Entries shown:

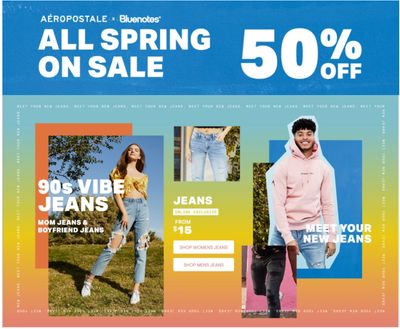 Bluenotes & Aeropostale Canada Spring Sale: Save 50% off All Spring Styles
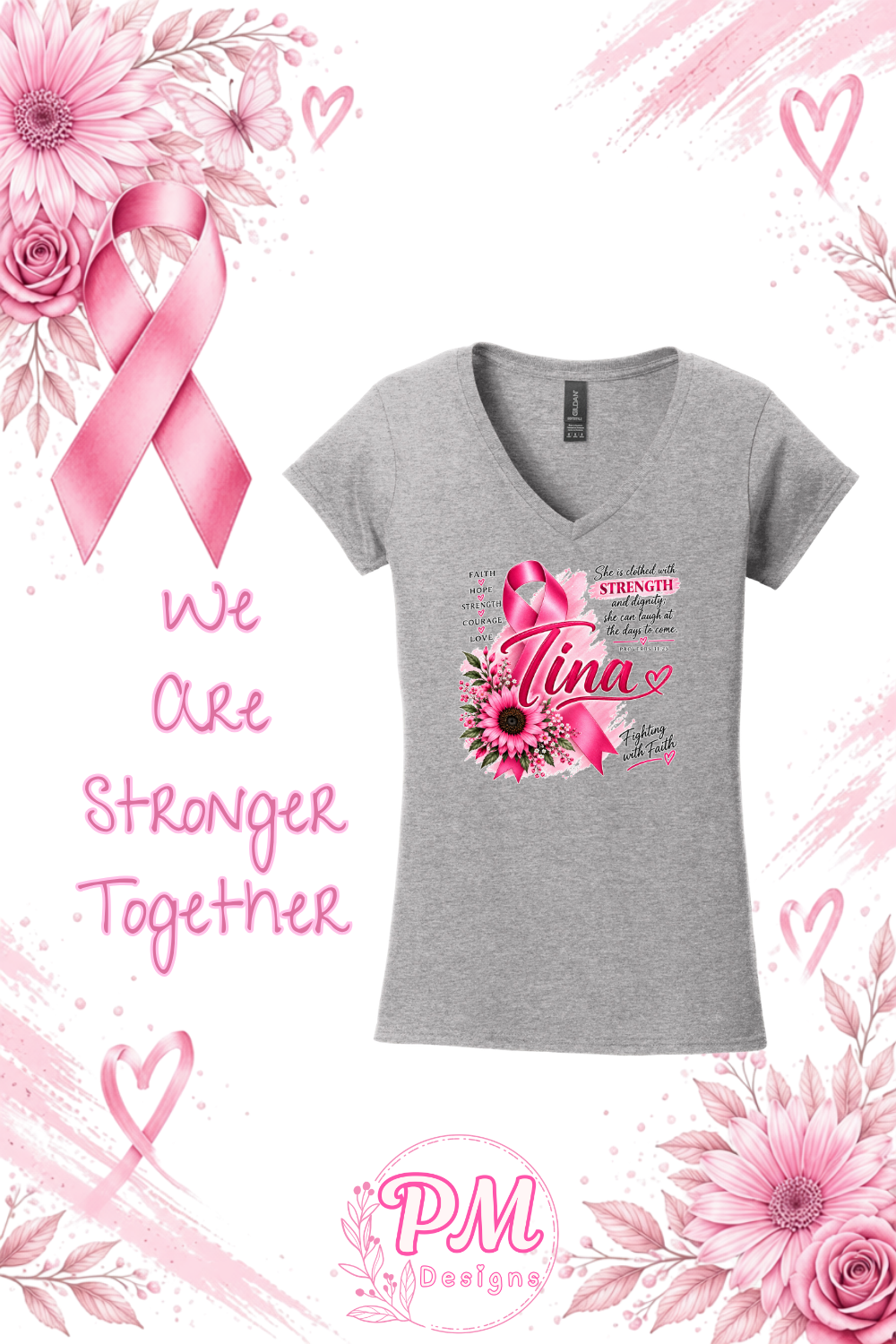 Women’s VNeck Cotton Tee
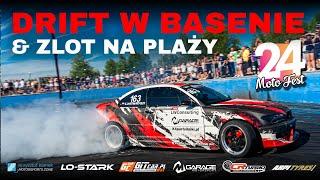 DRIFT W BASENIE & ZLOT NA PLAŻY - Moto Fest 2024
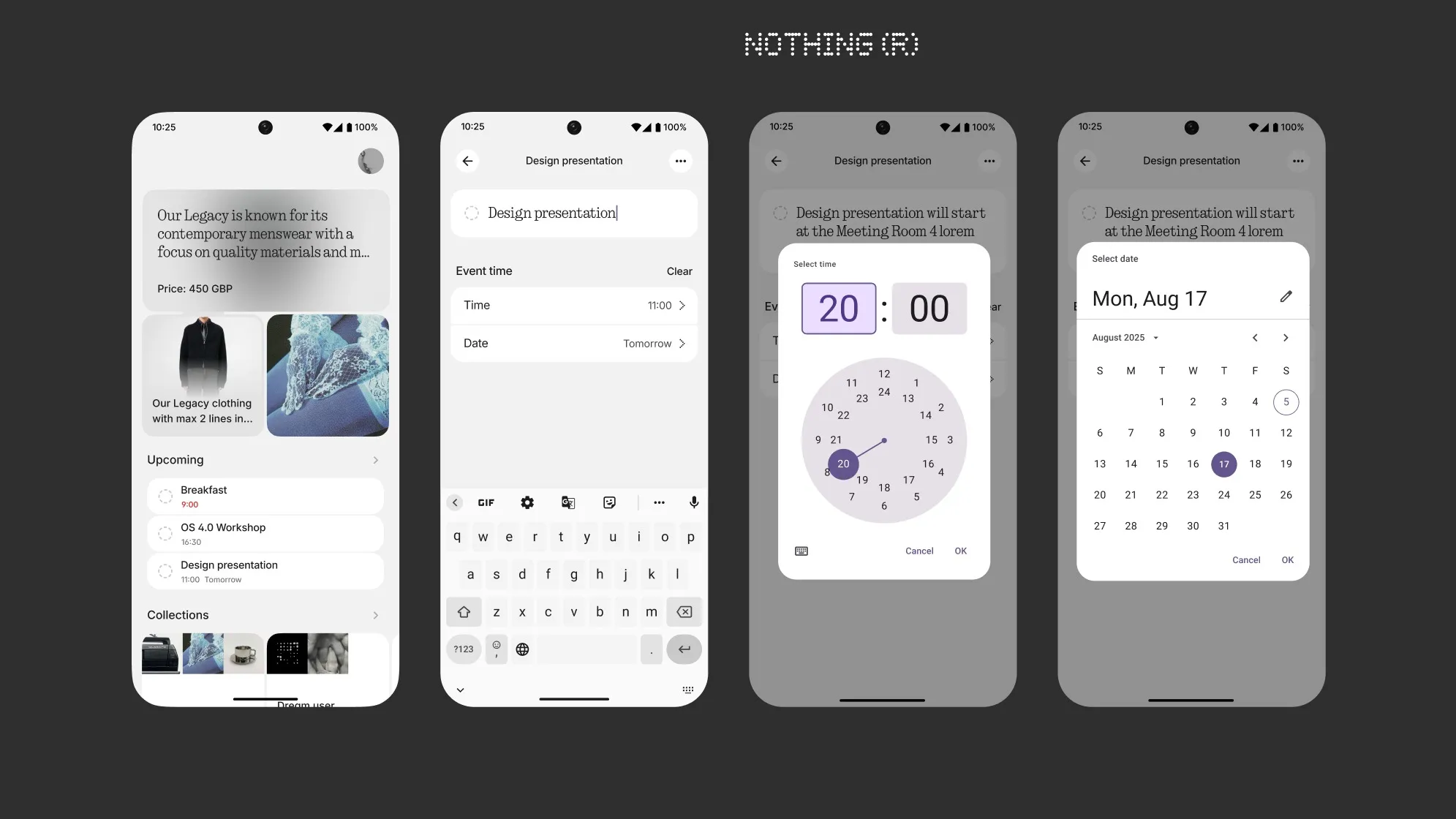 nothing essential space memory edit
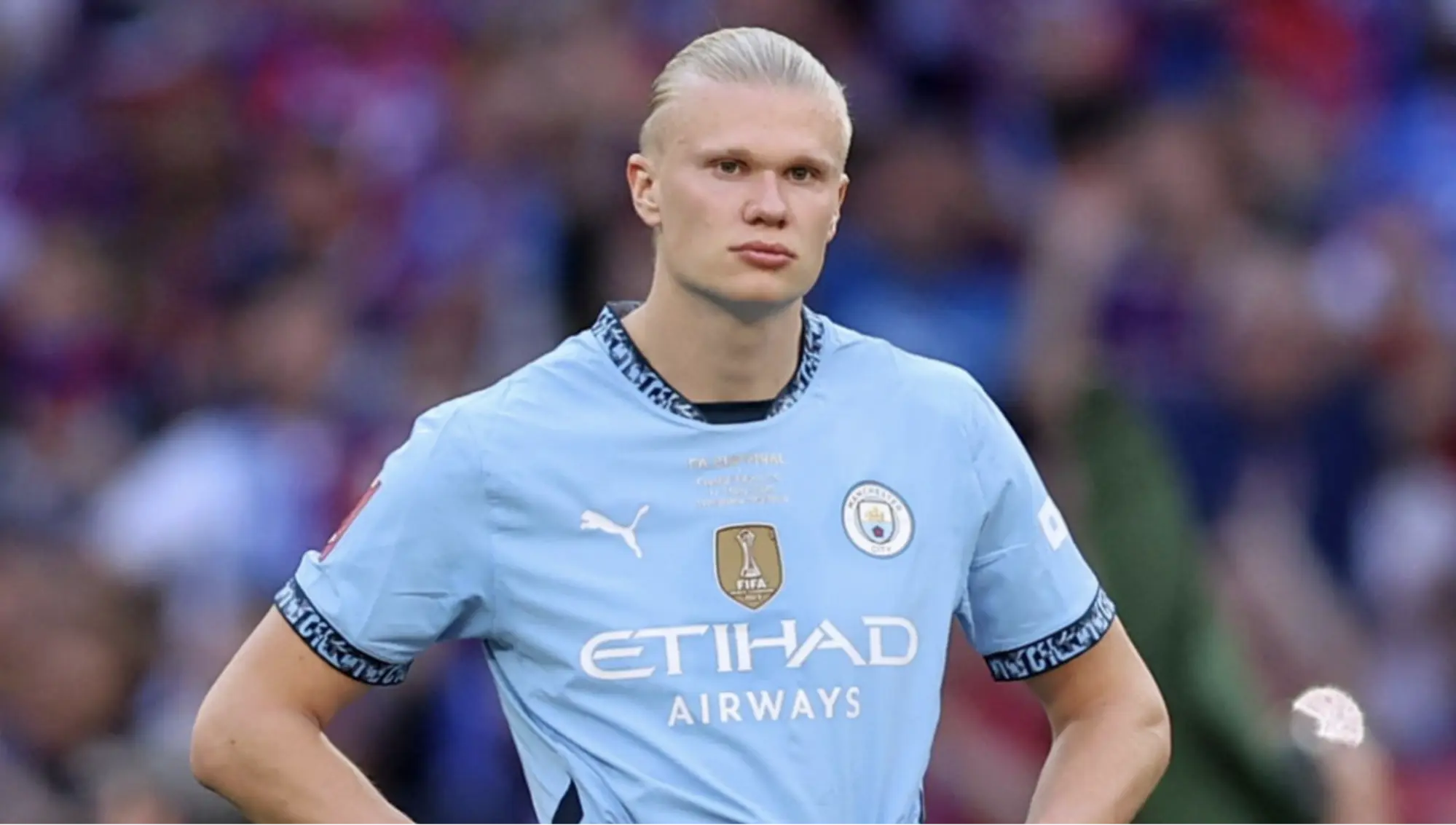 Erling Haaland Reacts After Playing a Draw against Arsenal.
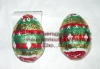 printed aluminum foil paper for egg shape chocolate packing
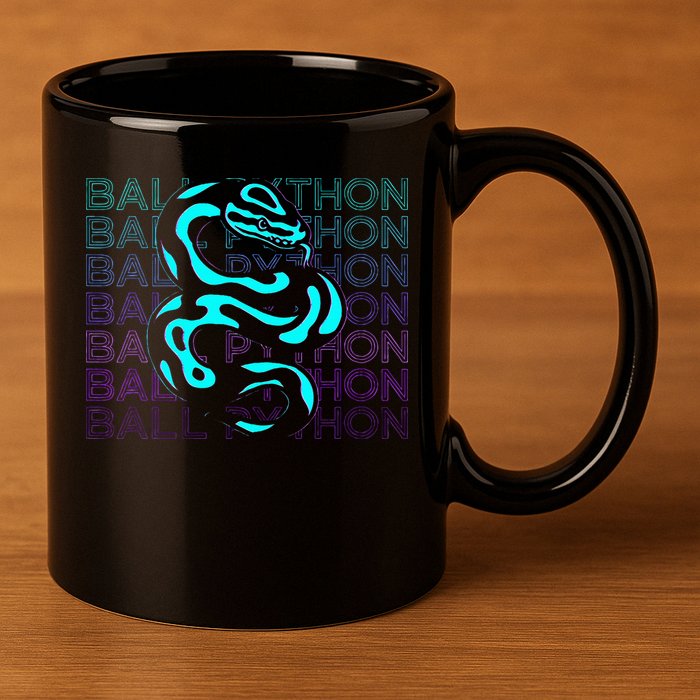 Ball Python Snake Retro Ball Python 11oz C Handle Ceramic Mug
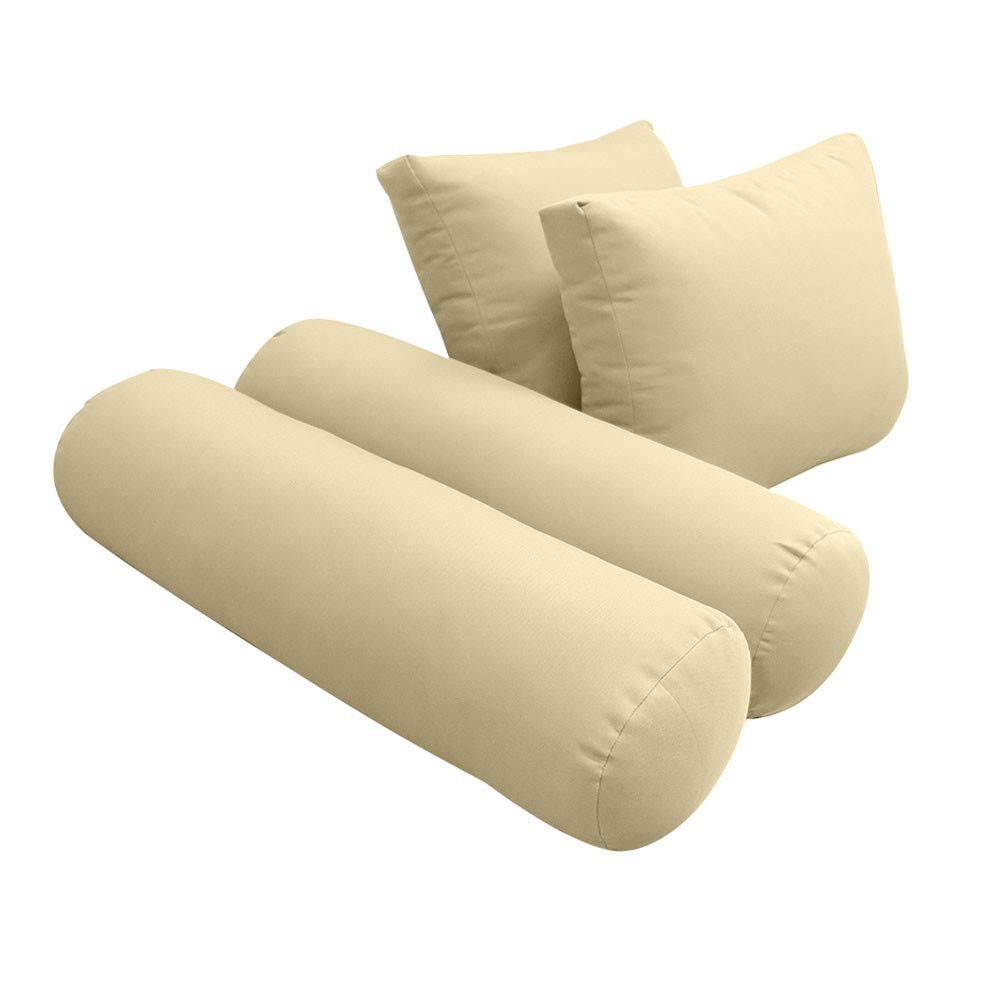 Prolinemax Outdoor Style 1 Full Knife Edge Daybed Mattress Cover - Fitted Sheet & Bolster Pillow Set AD103 | Patio Lounging, Poolside Relaxation, Sunbathing Comfort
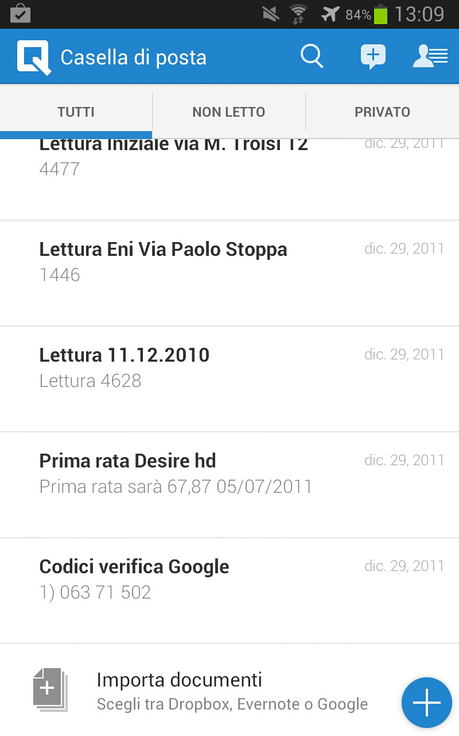 Quip: aggiornamento sul Play Store (Smartphone/Tablet)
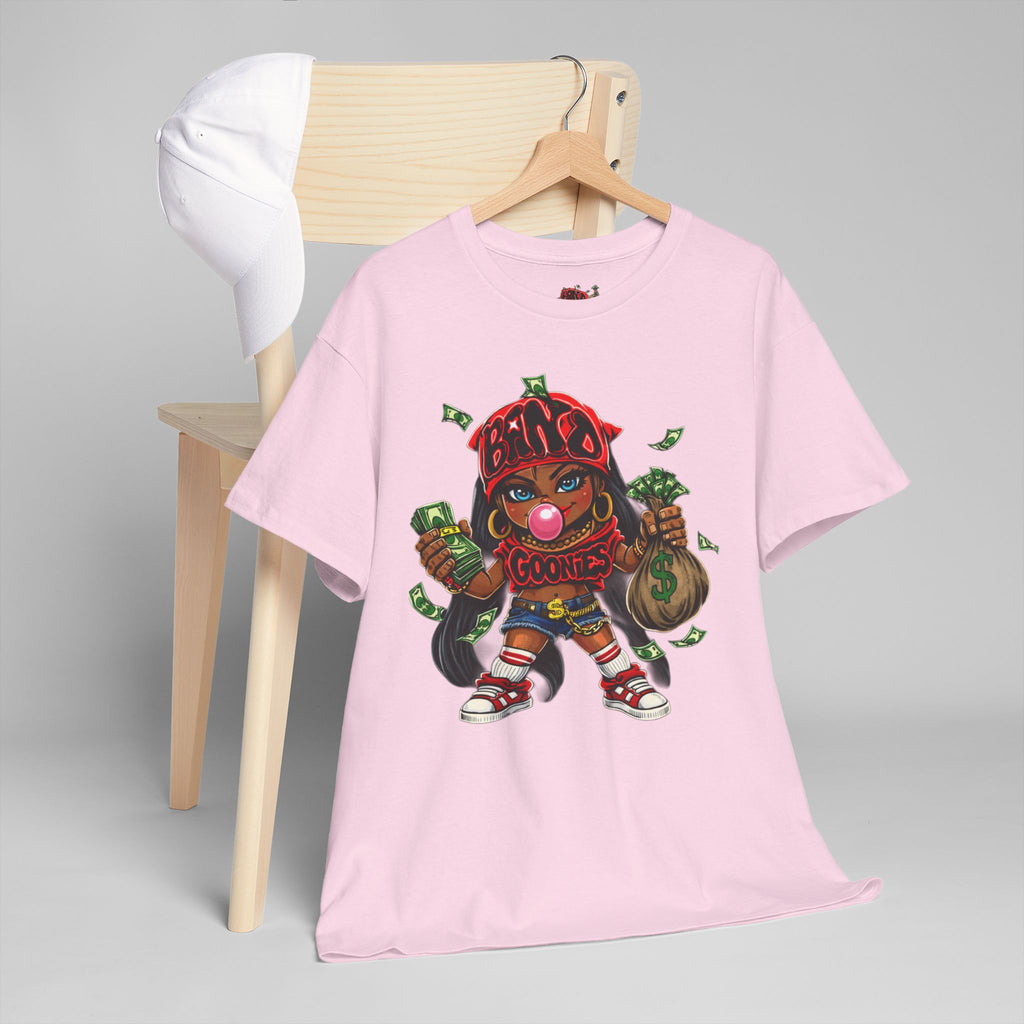 Heavy Cotton T-Shirt | Girl Goonie "Bubblegum Girl"
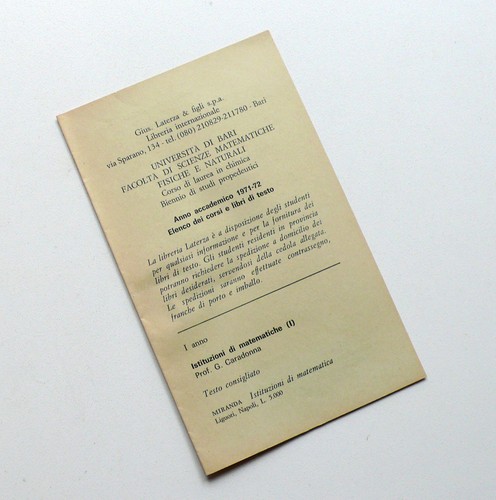 Universita bari 1971 - bari, 1971-72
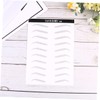 minkissy Sets Eyelash Sticker Beauty Tool Natural Look Artificial Eyebrows
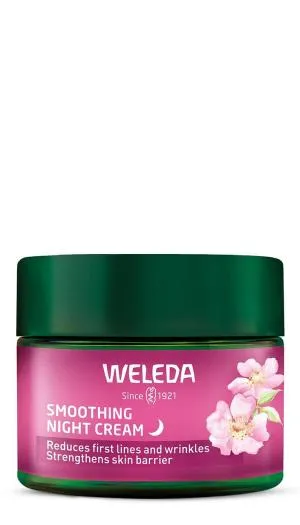 Weleda Crema notte illuminante Rosa selvatica e tè bianco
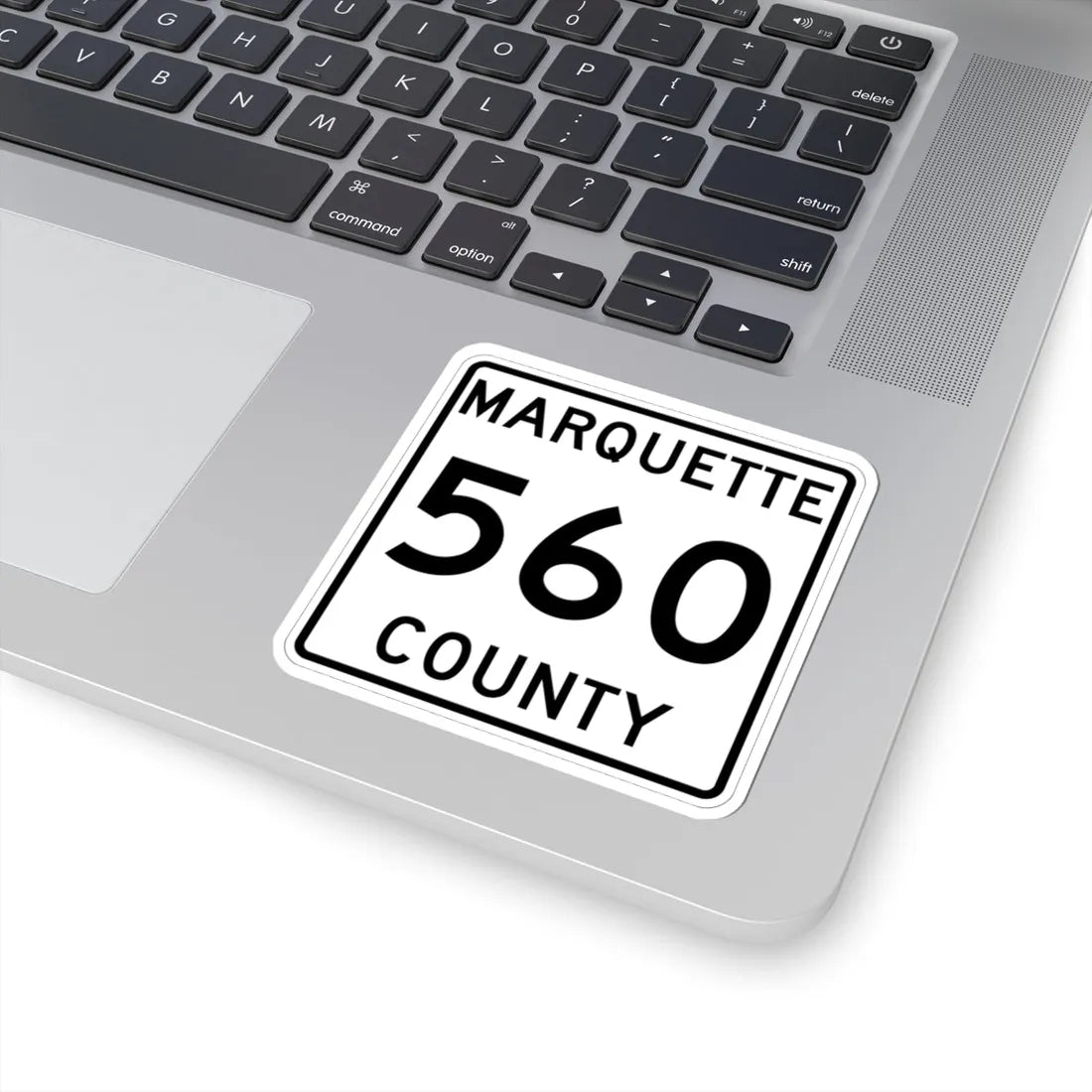 Michigan 560 Marquette County (Michigan) (Road Sign) STICKER Vinyl Kiss-Cut Decal - The Sticker Space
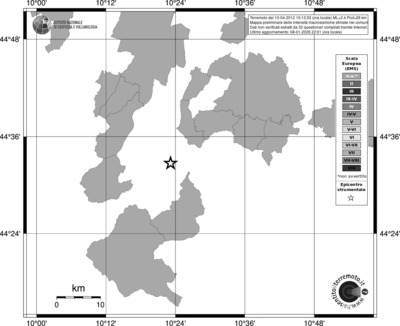Mappa EMS - territori comuni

Assignment: Retype each record exactly as it stands, but do not include the pictures.

Response area:
 Bluenotes & Aeropostale Canada Spring Sale: Save 50% off All Spring Styles
 Women’s VNeck Cotton Tee
 DRIFT W BASENIE & ZLOT NA PLAŻY - Moto Fest 2024
 nothing essential space memory edit
 Erling Haaland Reacts After Playing a Draw against Arsenal.
 printed aluminum foil paper for egg shape chocolate packing
 Ball Python Snake Retro Ball Python 11oz C Handle Ceramic Mug
 Prolinemax Outdoor Style 1 Full Knife Edge Daybed Mattress Cover - Fitted Sheet & Bolster Pillow Set AD103 | Patio Lounging, Poolside Relaxation, Sunbathing Comfort
 Quip: aggiornamento sul Play Store (Smartphone/Tablet)
 Heavy Cotton T-Shirt | Girl Goonie "Bubblegum Girl"
 Universita bari 1971 - bari, 1971-72
 minkissy Sets Eyelash Sticker Beauty Tool Natural Look Artificial Eyebrows
 Weleda Crema notte illuminante Rosa selvatica e tè bianco
 Michigan 560 Marquette County (Michigan) (Road Sign) STICKER Vinyl Kiss-Cut Decal - The Sticker Space
Mappa EMS - territori comuni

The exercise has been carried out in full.